┌────────
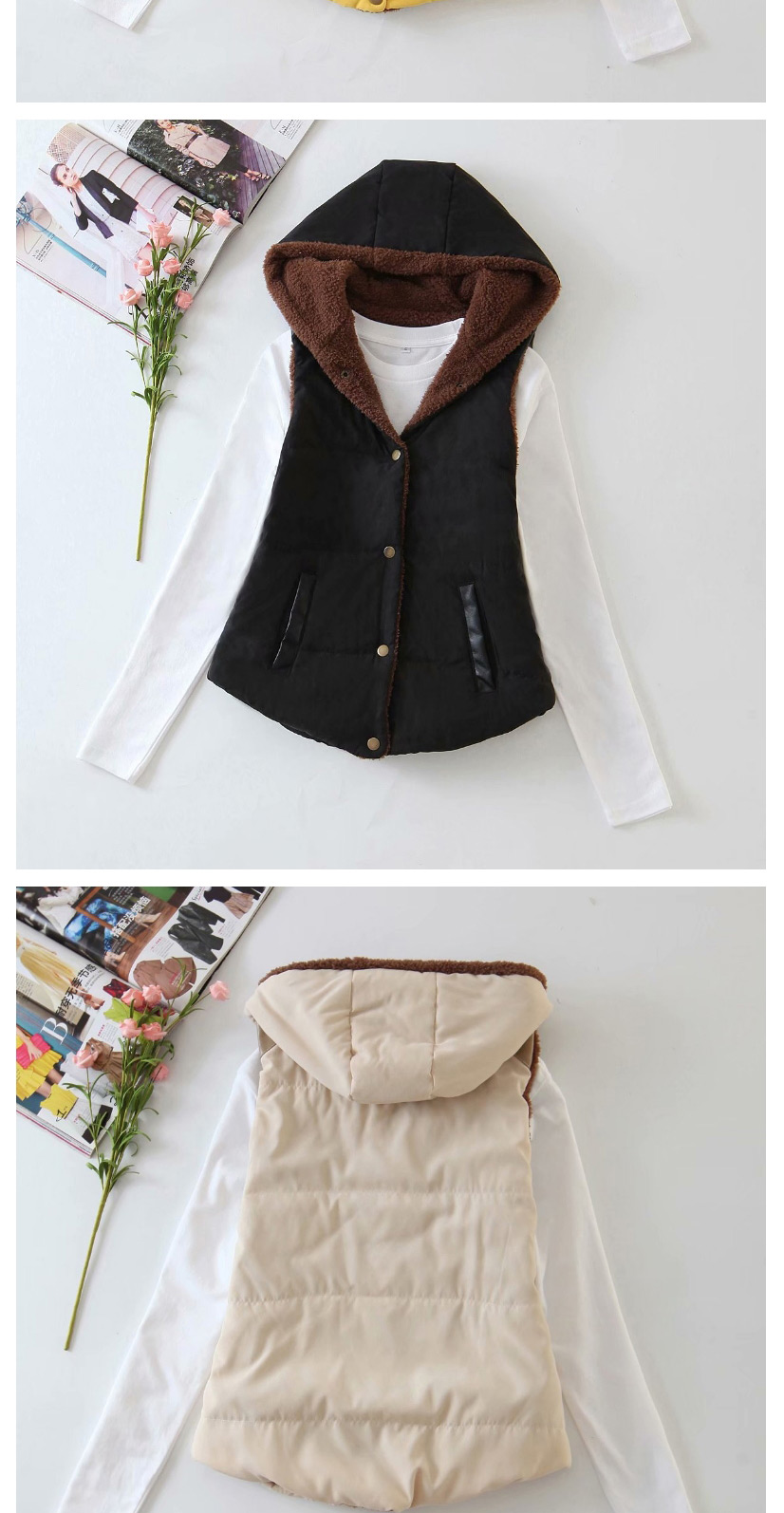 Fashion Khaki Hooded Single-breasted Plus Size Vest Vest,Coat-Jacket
└────────
┌────────
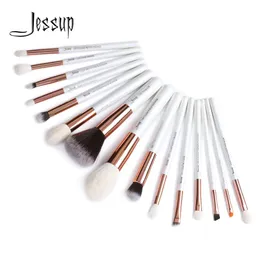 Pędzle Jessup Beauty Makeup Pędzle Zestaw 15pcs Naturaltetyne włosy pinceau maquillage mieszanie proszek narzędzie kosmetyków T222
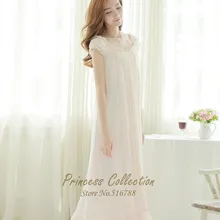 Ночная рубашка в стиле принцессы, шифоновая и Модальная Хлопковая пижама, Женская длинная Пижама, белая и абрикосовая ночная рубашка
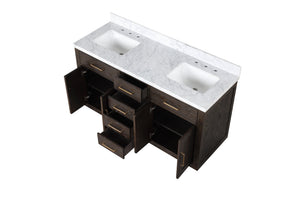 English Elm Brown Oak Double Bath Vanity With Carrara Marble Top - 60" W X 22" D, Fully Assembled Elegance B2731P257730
└────────
Aim of the exercise: Set down again, word for word, every line from the one with "Ночная рубашка в" to the one with "English Elm Brown" in the entries above, and omit the pictures.

Solved problem:
 Ночная рубашка в стиле принцессы, шифоновая и Модальная Хлопковая пижама, Женская длинная Пижама, белая и абрикосовая ночная рубашка
 English Elm Brown Oak Double Bath Vanity With Carrara Marble Top - 60" W X 22" D, Fully Assembled Elegance B2731P257730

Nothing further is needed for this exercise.